(RECORDS FOR THIS EXERCISE)

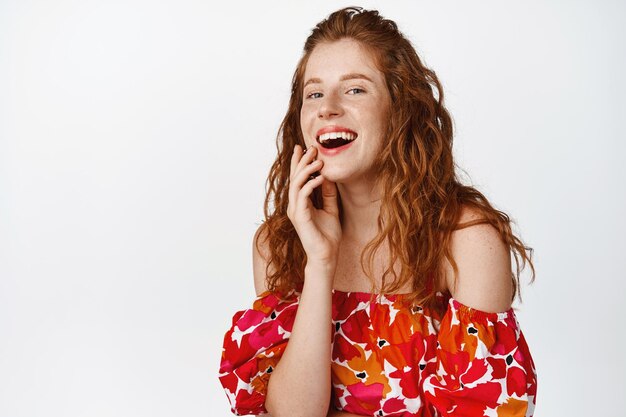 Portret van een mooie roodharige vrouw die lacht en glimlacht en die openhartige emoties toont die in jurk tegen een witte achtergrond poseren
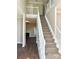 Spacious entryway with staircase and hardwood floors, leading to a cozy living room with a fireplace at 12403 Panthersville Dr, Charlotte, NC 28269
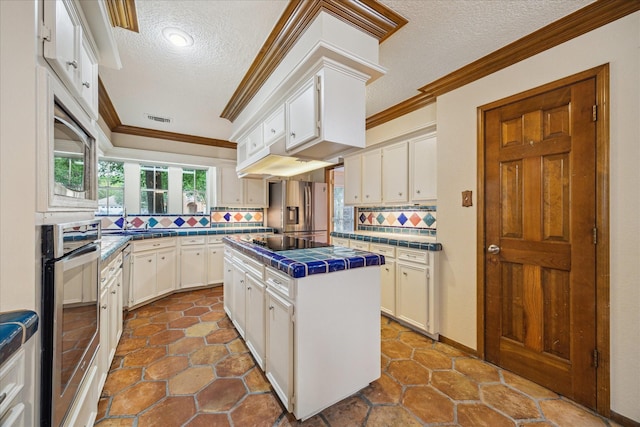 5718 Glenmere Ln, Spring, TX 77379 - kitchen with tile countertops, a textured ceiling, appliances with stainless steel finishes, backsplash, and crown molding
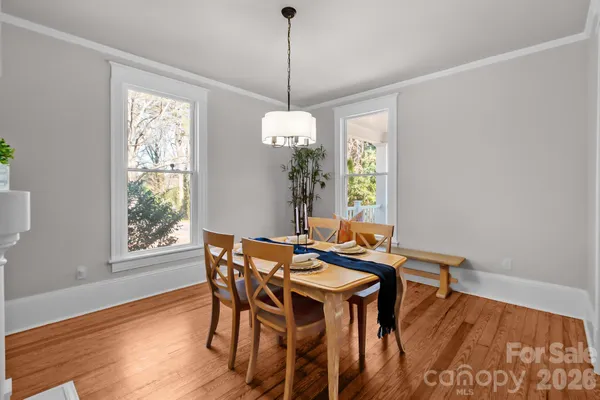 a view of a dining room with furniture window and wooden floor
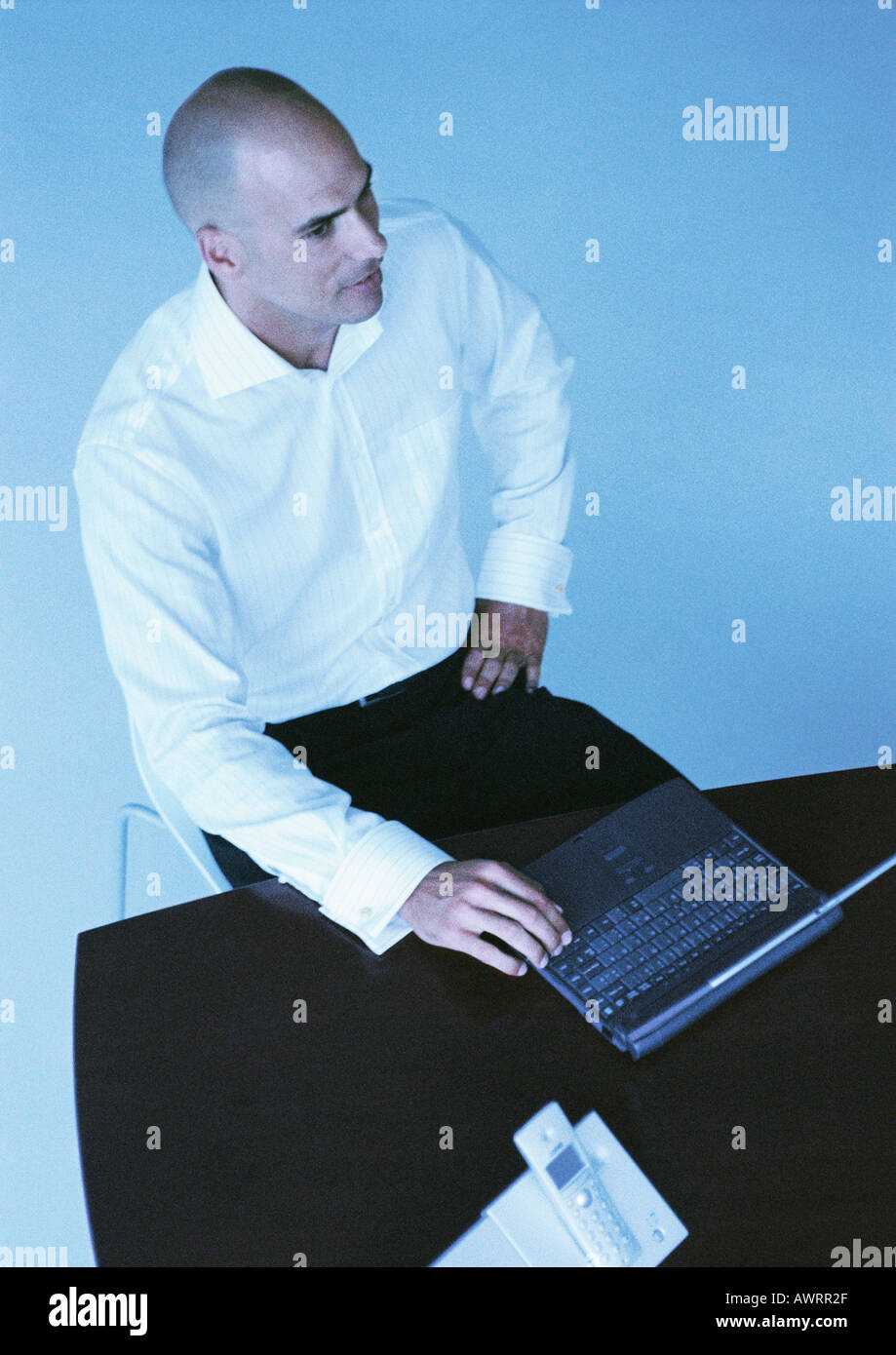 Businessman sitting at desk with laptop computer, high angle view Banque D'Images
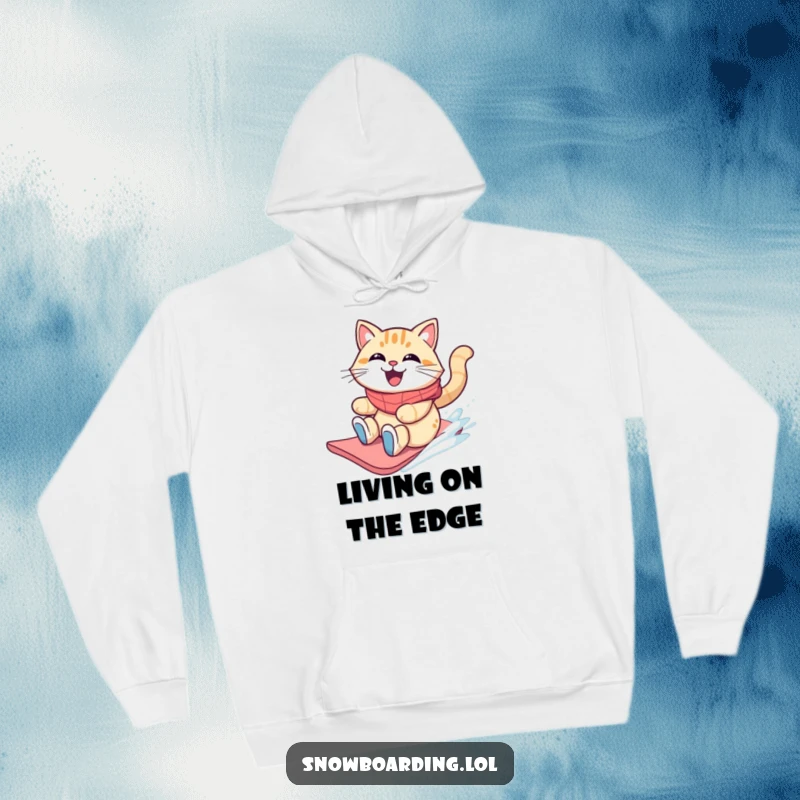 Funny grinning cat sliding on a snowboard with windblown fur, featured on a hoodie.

(End RECORDS FOR THIS EXERCISE)

→ ACTIVITY
Return the line containing "Businessman sitting at" and every line after it through the end of the records above, exactly and nothing else, but not the pictures.

→ EXERCISE RESULT
 Businessman sitting at desk with laptop computer, high angle view Banque D'Images
 Funny grinning cat sliding on a snowboard with windblown fur, featured on a hoodie.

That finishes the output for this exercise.